While interest from fixed and recurring deposits is fully taxable, interest earned from savings accounts and certain post office deposits is eligible for deduction up to a specified limit. Despite the partial deduction, all such interest income—whether from savings accounts, fixed deposits, or post office savings—is declared under the same income category.
Section 80TTA – Deduction on Savings Account Interest
Under Section 80TTA of the Income Tax Act, individuals and Hindu Undivided Families (HUFs) can claim a deduction on interest earned from savings accounts maintained with a bank, cooperative bank, or post office.
A maximum deduction of ₹10,000 per financial year is allowed under this section. If the total interest earned exceeds ₹10,000, the excess amount is treated as taxable income under the head ‘Income from Other Sources’.
Please note, this deduction is not applicable to interest earned from fixed deposits, recurring deposits, or other time-bound deposits.
Taxation on Fixed Deposit Interest
The interest earned from fixed deposits is treated as income under the head ‘Income from Other Sources’ and is taxed according to the individual’s applicable income tax slab.

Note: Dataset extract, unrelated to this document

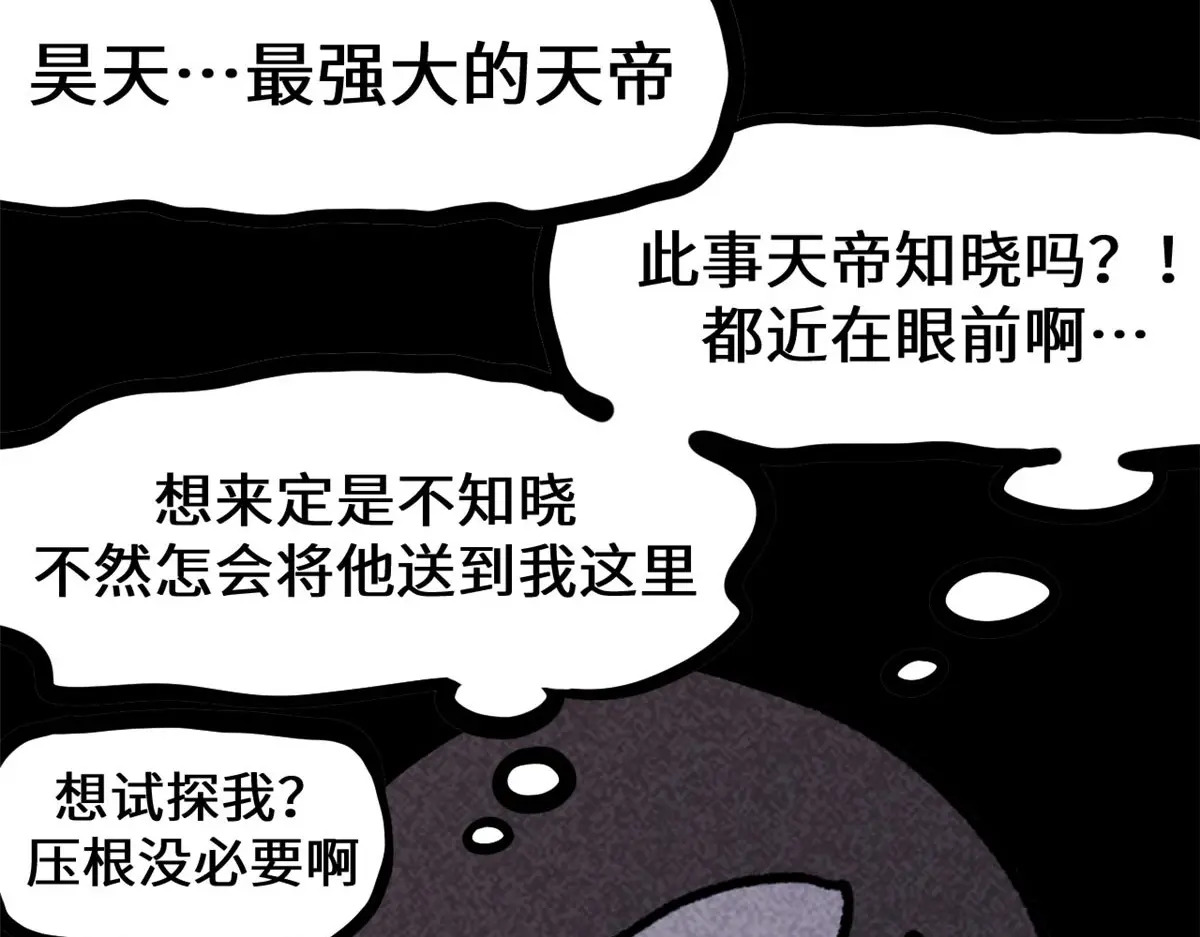 247 空军大队将迎新成员 第24页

Banks and financial institutions deduct Tax Deducted at Source (TDS) on FD interest if it exceeds ₹5,000 in a financial year for regular individuals, and ₹40,000 for senior citizens. However, senior citizens can claim a deduction of up to ₹50,000 per year on interest income from bank and post office deposits under Section 80TTB of the Income Tax Act.
It’s important to understand that TDS is applicable on the total interest earned across all fixed deposits held with a particular bank during the financial year. Even if the interest earned is below the TDS limit, the amount still needs to be reported when filing your income tax return.
How to Avoid TDS on Fixed Deposit Interest
While banks are legally required to deduct TDS (Tax Deducted at Source) when your interest earnings from fixed deposits cross a certain limit, there are legal and smart ways to reduce or avoid this deduction. Below are some effective strategies:
Submit Form 15G/15H
If your total annual income is below the basic exemption limit, you can prevent TDS deduction by submitting a self-declaration form:
Form 15G: For individuals below 60 years of age
Form 15H: For senior citizens (60 years and above)
Once submitted to the bank, TDS won’t be deducted on your FD interest.
Spread Your FDs Across Multiple Banks
TDS is calculated individually by each bank. By distributing your fixed deposits across different banks, you may keep the interest earned from each bank below the TDS limit—₹5,000 for regular individuals and ₹40,000 for senior citizens.
Choose Cumulative Fixed Deposits
Cumulative FDs reinvest the interest rather than paying it out regularly. Since interest is received only at maturity, TDS may be deferred until that time, giving you more control over your tax timing.
Consider Tax-Free Bonds
Invest in tax-free bonds issued by certain government-backed organizations. The interest earned on these bonds is completely exempt from income tax and does not attract TDS.
Invest in Tax-Saving FDs
Some banks offer 5-year tax-saving fixed deposits that qualify for deduction under Section 80C of the Income Tax Act (up to ₹1.5 lakh). While interest earned is still taxable, some banks do not deduct TDS unless your interest exceeds the threshold.
Time Your Interest Payouts Strategically
If you hold multiple FDs, consider scheduling their maturity or interest payouts across different financial years. This can help you stay under the annual TDS limit each year.